Please don't post images of text as they are hardly readable and not searchable.

Instead paste the text and format it with </> icon. Check the preview window.

Can you remove the .fscrawler dir? It should be in your home directory.
Then restart from scratch?

If it fails again, please activate debug mode and copy here the full logs.

Fish · May 18, 2018, 7:51pm

I have removed the the .fscrawler dir but still getting the same error message. Thanks.

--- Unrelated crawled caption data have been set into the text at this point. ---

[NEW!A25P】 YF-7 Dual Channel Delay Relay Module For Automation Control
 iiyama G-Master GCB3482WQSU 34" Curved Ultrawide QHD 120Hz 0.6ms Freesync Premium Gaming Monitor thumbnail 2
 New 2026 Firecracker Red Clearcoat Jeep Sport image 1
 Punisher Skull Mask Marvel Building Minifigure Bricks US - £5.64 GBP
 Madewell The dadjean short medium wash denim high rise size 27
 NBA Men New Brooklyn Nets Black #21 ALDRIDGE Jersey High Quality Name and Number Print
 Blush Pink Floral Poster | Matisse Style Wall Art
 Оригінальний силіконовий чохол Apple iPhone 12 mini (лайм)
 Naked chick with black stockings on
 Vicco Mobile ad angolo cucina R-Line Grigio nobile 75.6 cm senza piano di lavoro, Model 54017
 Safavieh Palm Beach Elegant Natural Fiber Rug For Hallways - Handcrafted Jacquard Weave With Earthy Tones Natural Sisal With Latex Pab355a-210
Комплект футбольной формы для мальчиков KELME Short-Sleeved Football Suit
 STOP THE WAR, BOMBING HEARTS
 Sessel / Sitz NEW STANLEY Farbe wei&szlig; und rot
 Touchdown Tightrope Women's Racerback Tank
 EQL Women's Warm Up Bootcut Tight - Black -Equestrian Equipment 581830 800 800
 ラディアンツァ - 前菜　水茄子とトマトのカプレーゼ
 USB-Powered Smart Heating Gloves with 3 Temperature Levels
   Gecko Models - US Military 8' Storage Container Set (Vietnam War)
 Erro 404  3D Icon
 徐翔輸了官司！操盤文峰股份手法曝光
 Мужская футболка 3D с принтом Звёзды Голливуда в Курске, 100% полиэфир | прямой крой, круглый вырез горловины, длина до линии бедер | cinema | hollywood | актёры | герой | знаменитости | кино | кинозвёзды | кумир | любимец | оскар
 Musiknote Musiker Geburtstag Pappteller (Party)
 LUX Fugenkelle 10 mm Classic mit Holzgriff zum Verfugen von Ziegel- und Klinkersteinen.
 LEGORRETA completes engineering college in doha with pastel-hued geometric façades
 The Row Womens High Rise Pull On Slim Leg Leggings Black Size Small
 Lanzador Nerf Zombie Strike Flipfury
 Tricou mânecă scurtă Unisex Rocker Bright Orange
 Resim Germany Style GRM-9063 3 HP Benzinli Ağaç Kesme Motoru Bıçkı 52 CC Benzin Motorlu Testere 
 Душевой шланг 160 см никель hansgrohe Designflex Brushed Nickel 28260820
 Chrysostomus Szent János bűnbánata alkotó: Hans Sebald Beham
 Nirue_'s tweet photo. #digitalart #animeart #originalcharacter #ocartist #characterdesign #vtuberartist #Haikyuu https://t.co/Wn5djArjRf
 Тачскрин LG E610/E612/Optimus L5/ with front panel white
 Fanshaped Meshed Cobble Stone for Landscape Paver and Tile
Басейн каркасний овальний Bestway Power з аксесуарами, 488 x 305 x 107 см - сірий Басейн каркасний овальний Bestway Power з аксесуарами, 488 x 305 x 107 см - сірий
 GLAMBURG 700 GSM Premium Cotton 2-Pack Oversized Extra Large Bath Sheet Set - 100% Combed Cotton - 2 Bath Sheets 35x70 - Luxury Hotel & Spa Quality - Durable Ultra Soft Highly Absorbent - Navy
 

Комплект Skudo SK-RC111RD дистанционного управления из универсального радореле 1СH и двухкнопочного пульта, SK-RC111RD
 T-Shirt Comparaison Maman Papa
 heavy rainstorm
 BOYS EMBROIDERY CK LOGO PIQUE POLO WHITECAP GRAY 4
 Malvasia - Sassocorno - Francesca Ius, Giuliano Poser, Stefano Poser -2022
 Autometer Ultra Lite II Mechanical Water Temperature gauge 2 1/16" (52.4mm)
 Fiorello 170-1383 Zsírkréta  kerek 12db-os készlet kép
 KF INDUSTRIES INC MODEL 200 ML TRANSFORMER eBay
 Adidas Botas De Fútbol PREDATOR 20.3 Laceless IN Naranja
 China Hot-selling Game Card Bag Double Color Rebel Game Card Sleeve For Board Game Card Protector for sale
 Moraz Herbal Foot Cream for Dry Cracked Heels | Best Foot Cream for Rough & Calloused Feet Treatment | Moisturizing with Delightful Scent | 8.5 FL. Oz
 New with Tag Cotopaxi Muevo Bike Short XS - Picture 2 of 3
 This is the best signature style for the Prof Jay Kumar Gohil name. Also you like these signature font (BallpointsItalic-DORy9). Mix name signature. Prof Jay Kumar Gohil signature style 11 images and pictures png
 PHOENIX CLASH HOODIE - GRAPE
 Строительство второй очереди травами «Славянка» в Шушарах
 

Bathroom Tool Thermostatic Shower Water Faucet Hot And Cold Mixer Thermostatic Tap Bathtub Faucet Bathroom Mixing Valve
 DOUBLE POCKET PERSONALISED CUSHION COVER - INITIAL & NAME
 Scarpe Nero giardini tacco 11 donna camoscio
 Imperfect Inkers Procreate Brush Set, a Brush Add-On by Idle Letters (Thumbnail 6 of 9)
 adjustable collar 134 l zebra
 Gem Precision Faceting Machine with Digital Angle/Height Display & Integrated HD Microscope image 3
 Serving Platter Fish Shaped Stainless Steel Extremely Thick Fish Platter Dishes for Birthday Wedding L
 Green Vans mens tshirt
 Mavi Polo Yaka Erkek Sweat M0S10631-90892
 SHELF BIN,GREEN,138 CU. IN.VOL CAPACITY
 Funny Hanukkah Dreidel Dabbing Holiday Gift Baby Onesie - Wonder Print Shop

 15:49:27,070 DEBUG [f.p.e.c.f.f.FsCrawlerUtil] Mapping [2/_settings.json] already exists
15:49:27,072 DEBUG [f.p.e.c.f.f.FsCrawlerUtil] Mapping [2/_settings_folder.json] already exists
15:49:27,072 DEBUG [f.p.e.c.f.f.FsCrawlerUtil] Mapping [5/_settings.json] already exists
15:49:27,072 DEBUG [f.p.e.c.f.f.FsCrawlerUtil] Mapping [5/_settings_folder.json] already exists
15:49:27,073 DEBUG [f.p.e.c.f.f.FsCrawlerUtil] Mapping [6/_settings.json] already exists
15:49:27,073 DEBUG [f.p.e.c.f.f.FsCrawlerUtil] Mapping [6/_settings_folder.json] already exists
15:49:27,076 DEBUG [f.p.e.c.f.c.FsCrawler] Starting job [job_name]...
15:49:28,367 DEBUG [f.p.e.c.f.c.ElasticsearchClient] Using elasticsearch >= 5, so we can use ingest node feature
15:49:28,407 WARN  [f.p.e.c.f.c.FsCrawler] We found old configuration index settings in [.\test] or [.\test\job_name\_mappings]. You should look at the documentation about upgrades: https://github.com/dadoonet/fscrawler#upgrade-to-23
15:49:28,408 INFO  [f.p.e.c.f.FsCrawlerImpl] Starting FS crawler
15:49:28,408 INFO  [f.p.e.c.f.FsCrawlerImpl] FS crawler started in watch mode. It will run unless you stop it with CTRL+C.
15:49:28,412 DEBUG [f.p.e.c.f.c.ElasticsearchClientManager] FS crawler connected to an elasticsearch [6.2.4] node.
15:49:28,413 DEBUG [f.p.e.c.f.c.ElasticsearchClient] create index [job_name]
15:49:28,421 DEBUG [f.p.e.c.f.c.ElasticsearchClient] create index [job_name_folder]
15:49:28,428 DEBUG [f.p.e.c.f.FsCrawlerImpl] creating fs crawler thread [job_name] for [/tmp/es] every [15m]
15:49:28,428 INFO  [f.p.e.c.f.FsCrawlerImpl] FS crawler started for [job_name] for [/tmp/es] every [15m]
15:49:28,429 DEBUG [f.p.e.c.f.FsCrawlerImpl] Fs crawler thread [job_name] is now running. Run #1...
15:49:28,436 WARN  [f.p.e.c.f.FsCrawlerImpl] Error while crawling /tmp/es: String index out of range: -1
15:49:28,436 WARN  [f.p.e.c.f.FsCrawlerImpl] Full stacktrace
java.lang.StringIndexOutOfBoundsException: String index out of range: -1
	at java.lang.String.substring(String.java:1967) ~[?:1.8.0_131]
	at fr.pilato.elasticsearch.crawler.fs.FsCrawlerImpl$FSParser.indexDirectory(FsCrawlerImpl.java:701) ~[fscrawler-core-2.5-SNAPSHOT.jar:?]
	at fr.pilato.elasticsearch.crawler.fs.FsCrawlerImpl$FSParser.run(FsCrawlerImpl.java:309) [fscrawler-core-2.5-SNAPSHOT.jar:?]
	at java.lang.Thread.run(Thread.java:748) [?:1.8.0_131]
15:49:28,439 DEBUG [f.p.e.c.f.FsCrawlerImpl] Fs crawler is going to sleep for 15m

dadoonet · May 18, 2018, 8:11pm

GPlease format your code, logs or configuration files using </> icon as explained in this guide and not the citation button. It will make your post more readable.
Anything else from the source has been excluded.